EFT (electronic funds transfer)
EFT is the movement of the money itself. It arrives separately from the remittance that explains it, which is why the two have to be matched.
Updated
Electronic funds transfer (EFT) is the electronic deposit of a payer's payment into a provider's bank account. It is the money, and only the money: it carries no explanation of which claims it covers or how each was adjudicated.
The explanation travels separately, as the remittance advice. A payer sends the funds by EFT and the accounting by ERA, and the two arrive by different routes on their own schedules.
In practice
That separation is the whole reason reconciliation exists as a task. A deposit can land before its remittance, or a remittance before its deposit, and neither is a problem by itself — but a deposit that never gets matched to a remittance is money in the bank that no claim has been credited for, and a remittance with no deposit is a payment that was explained and never arrived.

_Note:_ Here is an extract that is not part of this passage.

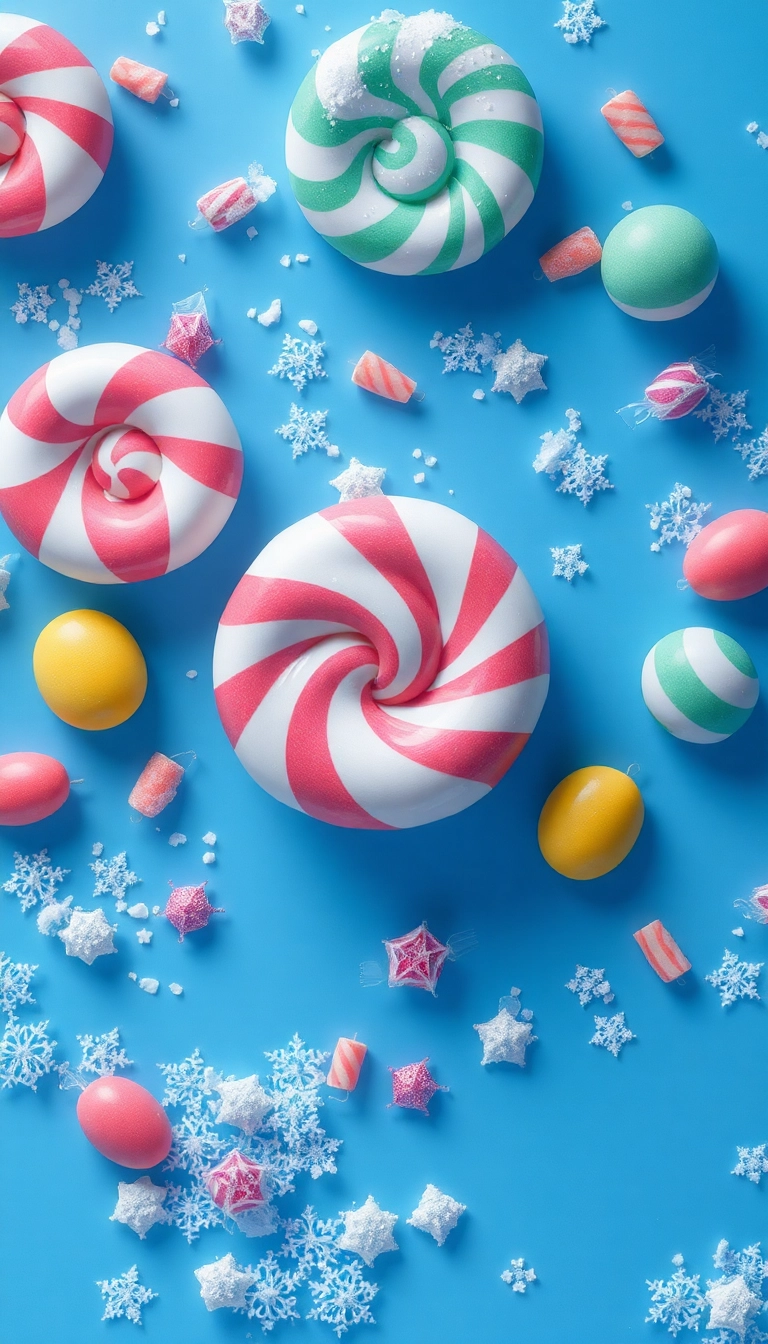 iPhone AI Mixed Candies Close Up Luxury Wallpaper Royalty-Free Stock Image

The link between the two is a reassociation identifier the payer places on both. When it is present and used, matching is mechanical; when it is missing or ignored, matching becomes a manual search, and that is where unposted deposits come from.
Commonly confused with
- ERA / remittance advice: The ERA explains what a payment covers; the EFT is the payment. One is accounting, the other is cash, and they arrive separately.
- Payment posting: EFT is money arriving at the bank. Posting is recording it against the claims, which does not happen automatically because the EFT arrived.